そこでここでは、おいしいお料理ができるまでの基本的なプロセスを考えます。
そのプロセスとは、主につぎに挙げる6項目のことをいいますが、これらの過程を経ることによって一つの料理が完成するのです。
以上の6項目のそれぞれにどのような特徴があるのかということを頭で考え、目で見て、舌で感じることによって、おいしい料理を習得していきます。
1. 献立の立て方
食べる時間や食べる人によって、最も相応しいメニューを考えることが料理の基本といえます。
2. 材料の選び方
新鮮で無駄のない材料選びを心掛けましょう。
材料のなかには調味料も入ります。献立にあわせた調味料を選ぶことは非常に重要なことです。
同じお酢や醤油でも、それぞれの料理に合ったものを選びたいものです。
たとえば中華には中華料理用のお酢があり、和食には和食にあったお酢があります。
砂糖、酒、塩、酢、醤油、味噌、みりんなどの基本的な商品知識をもつことが必要になります。
3. 下準備・下ごしらえ
4. 加熱(調理)技術
煮る→鍋などに水を入れ、これを沸騰させることによって素材に火を通すことです。
蒸す→材料に柔らかく火を入れるということです。
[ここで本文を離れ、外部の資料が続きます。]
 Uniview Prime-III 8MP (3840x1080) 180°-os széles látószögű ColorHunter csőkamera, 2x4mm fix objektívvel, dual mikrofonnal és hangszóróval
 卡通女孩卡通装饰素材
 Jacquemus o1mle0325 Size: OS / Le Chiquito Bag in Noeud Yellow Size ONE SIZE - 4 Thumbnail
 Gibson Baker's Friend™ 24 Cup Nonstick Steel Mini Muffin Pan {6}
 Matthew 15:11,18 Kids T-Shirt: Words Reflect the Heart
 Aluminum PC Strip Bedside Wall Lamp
強火の場合は100度近くになりますが、弱火の場合は70~90度位の温度でさらに柔らかく熱を通します。
揚げる→油を使うため温度を100度~230度位までの広い範囲で料理を作ることができます。
(低い温度というのは100~140度のことで、中華の油通しに使います。また高い温度とは180~200度で天麩羅などに用います)
※素材や作る料理によって油の温度は使いわけます。
焼く→焼くとは以下の行為を指します。
・オーブンでケーキを焼く。
・フライパンでお肉を焼く。
・魚等を網の上で焼く。
・魚等を串にさして火にかざす。
・直火焼き。
・鍋で野菜を炒める。
5. 味付け
舌で感じる味覚には、甘い、辛い、酸っぱい、苦い、渋いの感覚があり、全ての味覚のバランスが良いことを五味の調和といいます。
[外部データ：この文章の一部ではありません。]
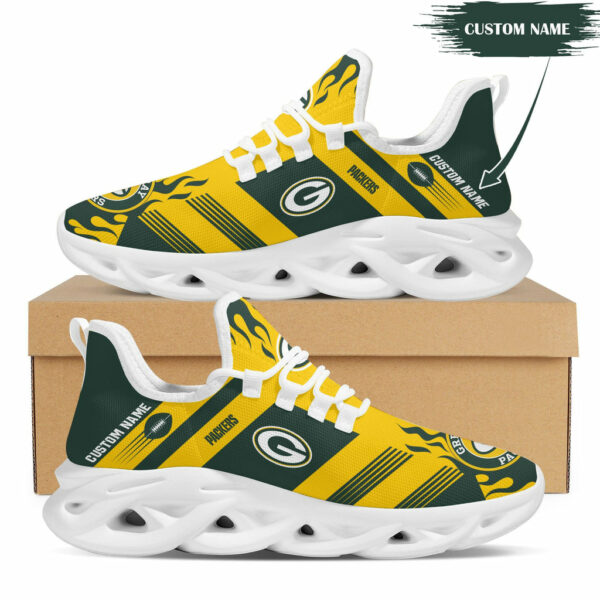 ideafootwear green bay packers nfl max soul shoes sneakers for men and women 9816 x9xck.jpg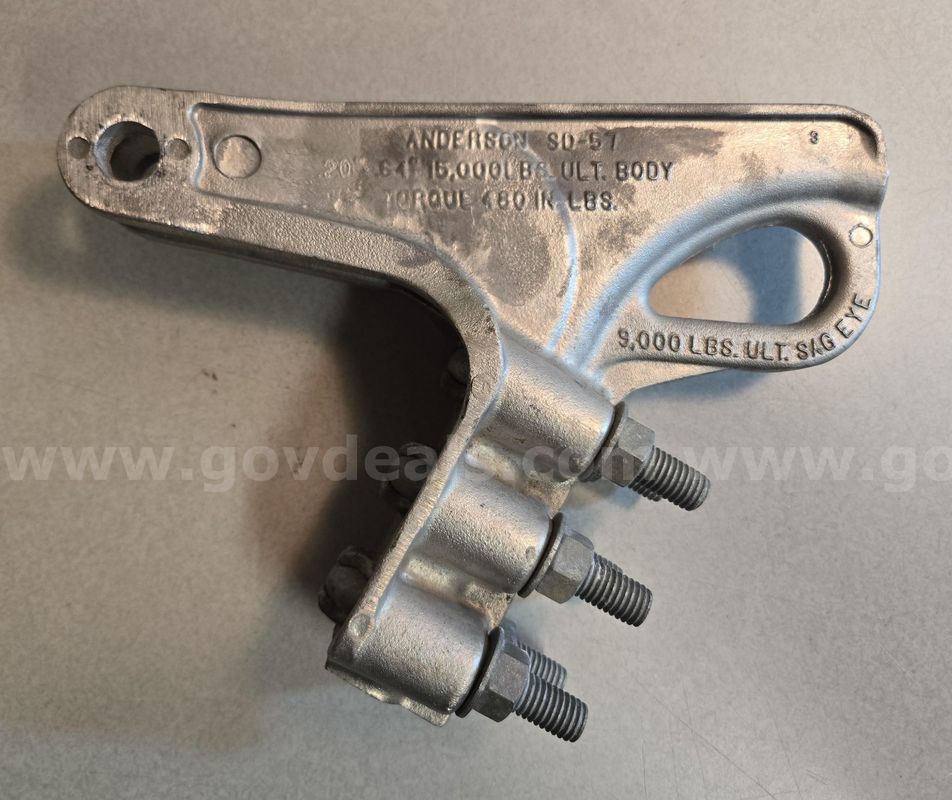Quadrant Strain Clamp - Aluminum (Juneau, AK)
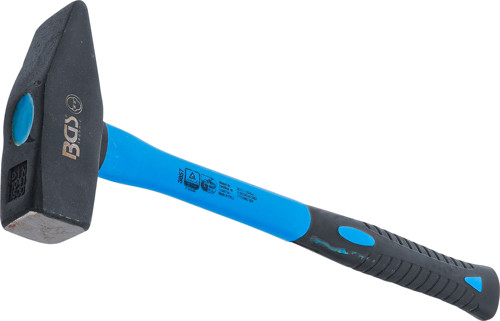 BGS Schlosserhammer | Fiberglasstiel | DIN 1041 | 1500 g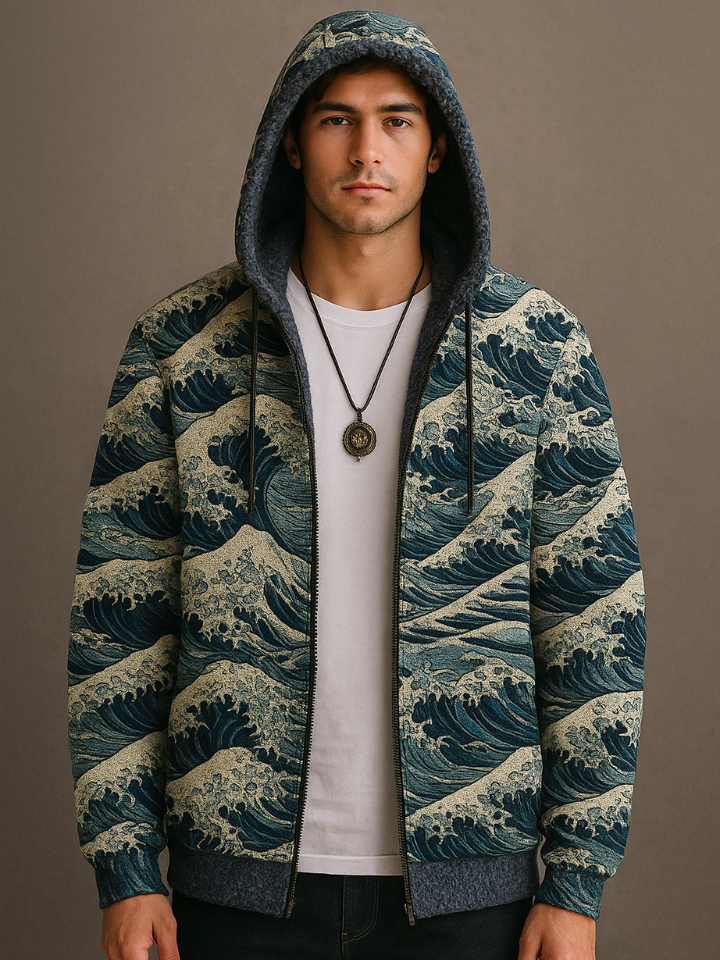 Viviana - Cárdigan de lujo inspirado en el arte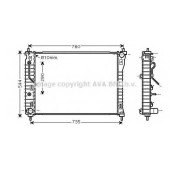 Радиатор охлаждения двигателя AVA QUALITY COOLING OL2434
つまり、味覚のバランスがよければ、料理の味がよいということになるのです。
ただこの5つの味覚のなかで、苦い、渋いという感覚を加えるための調味料ははとんどありません。逆に、素材のなかに自然に含まれている場合などは、あくとして取り除くのが普通です。酢豚などの料理を思いうかべると、味のバランスの大切さを考えさせられます。
また、調理する素材がそれぞれ持つ味のことをうま味成分といい、五味の感覚とは区別しています。
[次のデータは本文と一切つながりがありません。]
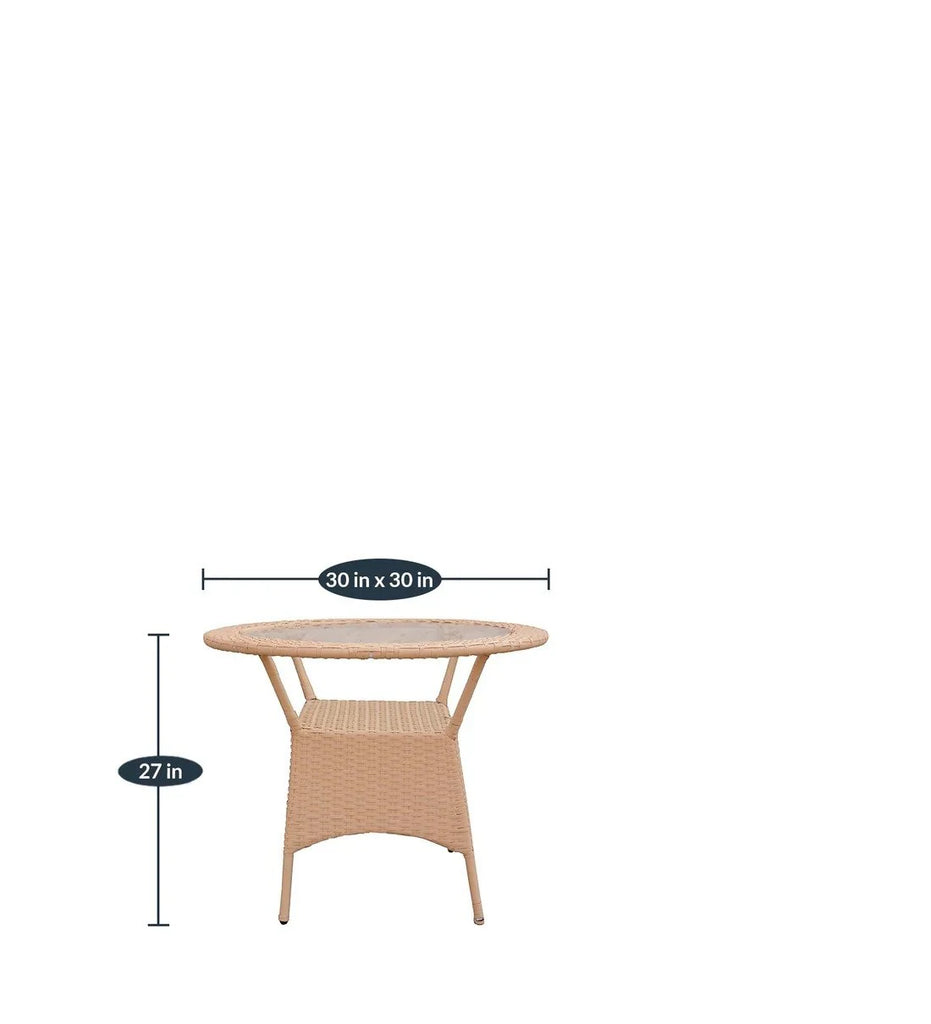 Virasat Outdoor Patio Seating Set 4 Chairs and 1 Table Set-VIRASAT FURNITURE & FURNISHING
五味の調和をはかるためには、調味料を入れる順番も考えなくてはなりません。たとえば、煮物に調味料を加える順番はサシスセソだと昔からいわれています。これは、砂糖、塩、酢、醤油、味噌のことで、なかでも重要なのが、塩分の濃度です。
塩分濃度は、体の生理的塩分濃度に揃えて0.9パーセント前後の味付けにするのが一番おいしい料理になるといわれています。
6. 盛りつけ
バランスのとれた献立をたて、材料も申し分のないものを選び、下準備も完璧、調理も文句なし、味付だって非の打ち所がないほど上手にできても、盛りつけが美しくなければせっかくの料理もだいなしです。
なんといっても彩りと形をバランスよく盛ることが重要になってきます。
赤・青・黄色の色の三原色に白黒をいれた五色を考えながら材料や食器を選ぶとよいでしょう。
また、材料の種類、季節、味付け、形、場所などを考慮して盛りつけることを忘れてはなりません。
和食の場合、丸い素材には四角の器、四角い素材には丸い器、そして白い素材には黒い器、黒い素材には白い器というように、素材や器に気をくばり、それぞれが際立つように盛りつけることがポイントです。
また、洋食や中華の場合は、丸くて白い食器が多いため、素材の形や彩りに工夫をしながら盛りつけるとよいでしょう。